**Collected data entries**:
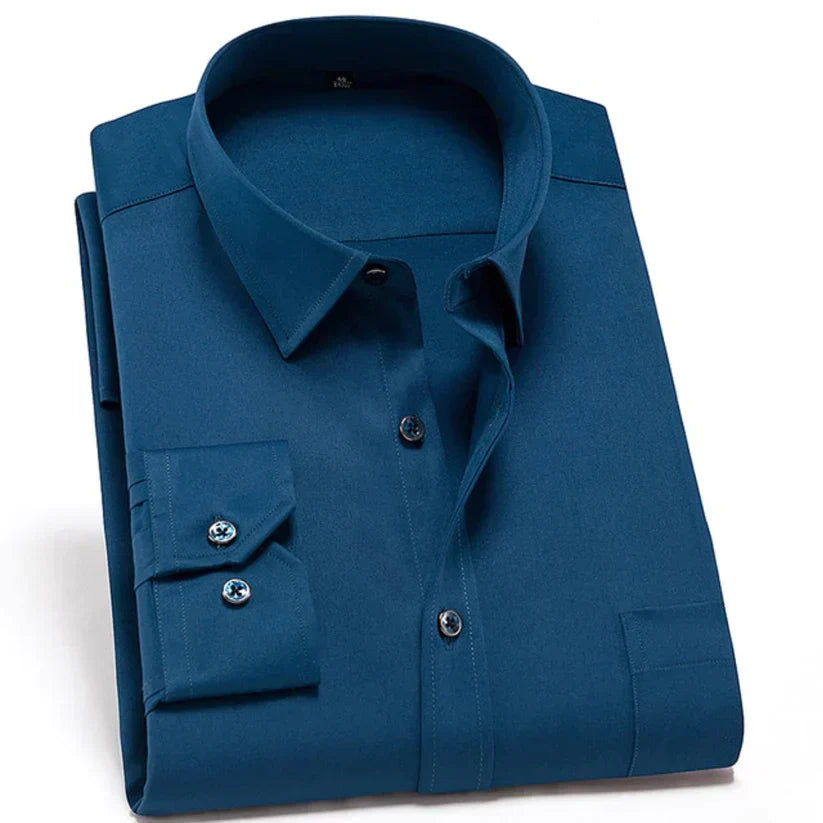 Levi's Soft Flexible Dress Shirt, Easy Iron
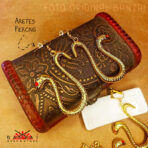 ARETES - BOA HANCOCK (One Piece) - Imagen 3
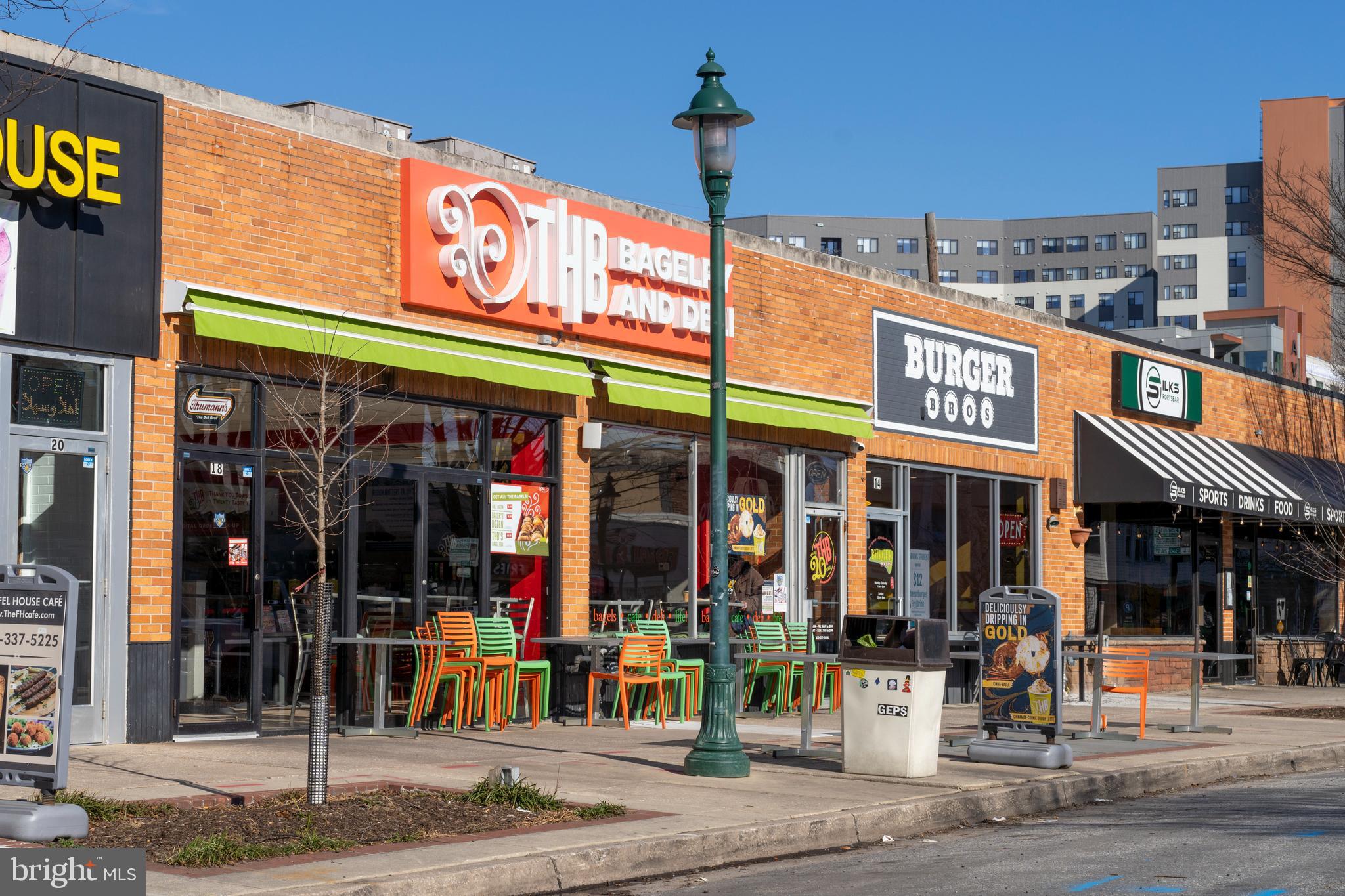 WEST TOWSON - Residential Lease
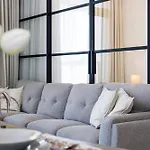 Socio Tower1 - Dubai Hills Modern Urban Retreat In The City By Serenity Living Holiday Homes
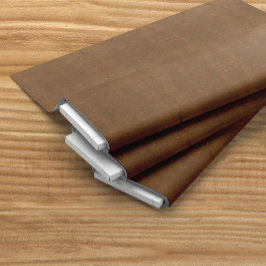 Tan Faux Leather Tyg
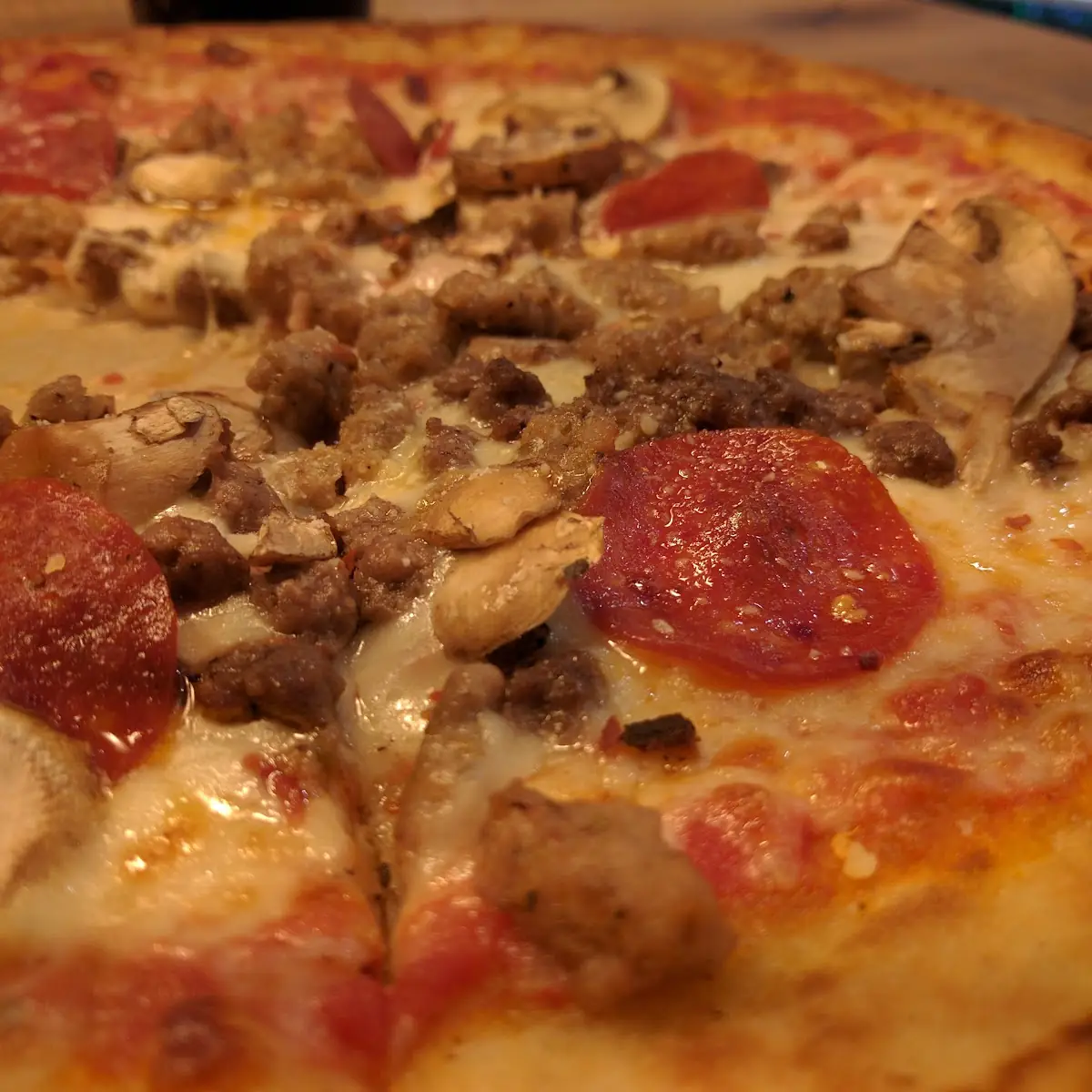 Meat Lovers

--

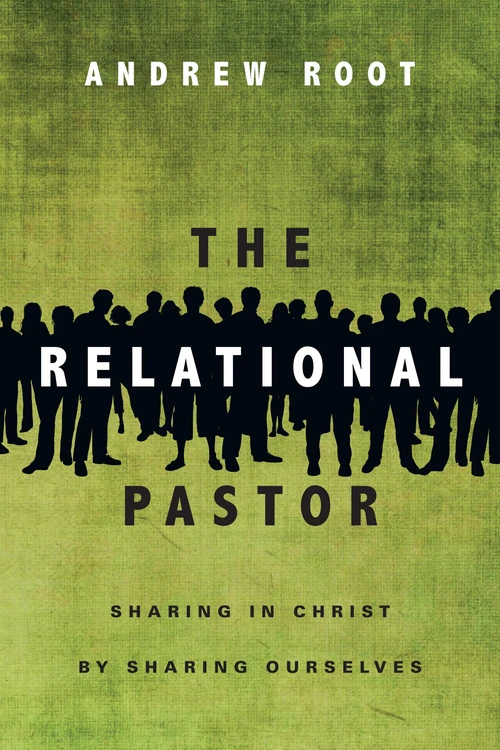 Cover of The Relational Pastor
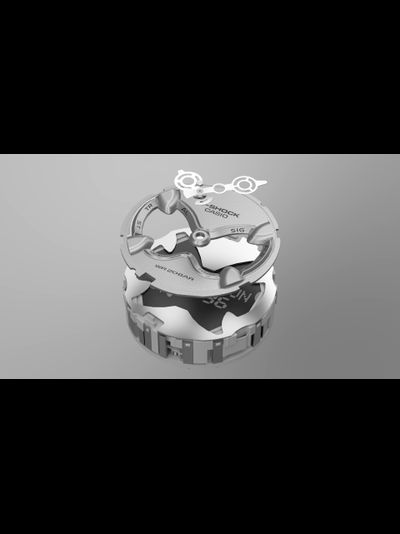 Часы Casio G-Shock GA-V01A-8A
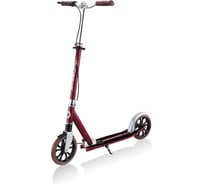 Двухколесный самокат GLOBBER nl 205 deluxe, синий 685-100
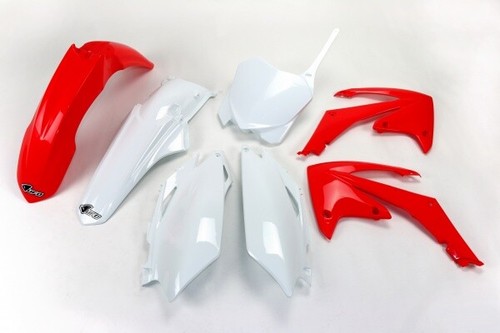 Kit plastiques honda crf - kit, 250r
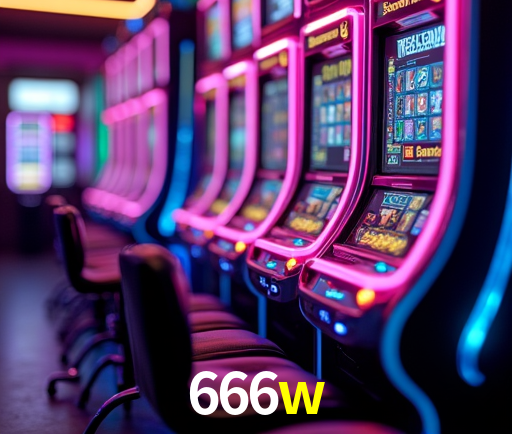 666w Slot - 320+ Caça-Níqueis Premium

**To do**: Though the entries above contain pictures, none should be copied; reproduce only the lines between the one holding "Levi's Soft Flexible Dress Shirt, Easy Iron" and the one holding "Meat Lovers", inclusive, exactly as written.

**Written solution**:
 Levi's Soft Flexible Dress Shirt, Easy Iron
 ARETES - BOA HANCOCK (One Piece) - Imagen 3
 WEST TOWSON - Residential Lease
 Socio Tower1 - Dubai Hills Modern Urban Retreat In The City By Serenity Living Holiday Homes
 Tan Faux Leather Tyg
 Meat Lovers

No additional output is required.